GM社長マーク・ロイス氏がWIREDに対し、EVの販売方法、ロボットカーに対する楽観的な見方、そして同社がサプライチェーンの多くを米国に戻した理由について語った。

写真:ジェフ・コワルスキー/ゲッティイメージズ
自動車業界の幹部にとって、今はまさに刺激的な時代です。世界中の議員が自動車業界の電動化を急ピッチで推進しています。米国企業は、ライバル国、特に中国にプレッシャーを与えることなく電動化を進めるようプレッシャーを受けています。何十年にもわたって培われてきた内燃機関中心の技術、ビジネスモデル、そしてサプライチェーンを再構築するのは容易なはずです。
一方、もう一つの革命的な技術、自動運転車も実現に近づいています。自動車メーカーとテクノロジー企業は、ロボットカーの開発に数千億ドルを投じてきました。その投資はまだ商業的な成果には至っていませんが、自動車ビジネスから街の道路、そして労働市場に至るまで、あらゆるものを変革すると期待されています。

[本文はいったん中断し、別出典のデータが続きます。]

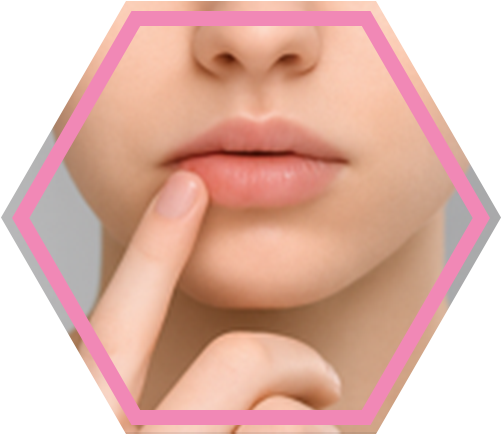 Afinovir_Herpes-Stadien_5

ゼネラルモーターズの社長マーク・ロイス氏は、デトロイトの自動車メーカーで数十年にわたり勤務し、足元の地盤が揺らいでいるのを痛感している。同社はキャデラック・リリックやシボレー・シルバラードEVといった新型電気自動車の生産を増強し、LGとの合弁事業で自社製バッテリーパックを製造している。また、サンフランシスコでの事業は深刻な衝突事故や路面凍結事故によって中断しているが、自動運転子会社クルーズの事業拡大にも取り組んでいる。ロイス氏はWIREDのインタビューで、自動車の再発明とゼネラルモーターズの将来について楽観的だと語っている。インタビューは長さと明瞭性を考慮して編集されている。
WIRED:まず、電気自動車への新たな税額控除と、米国内でのバッテリー部品製造に対する厳しい要件を結び付けるインフレ抑制法についてお伺いしたいと思います。この法律は、サプライチェーンに対する考え方をどのように変えましたか?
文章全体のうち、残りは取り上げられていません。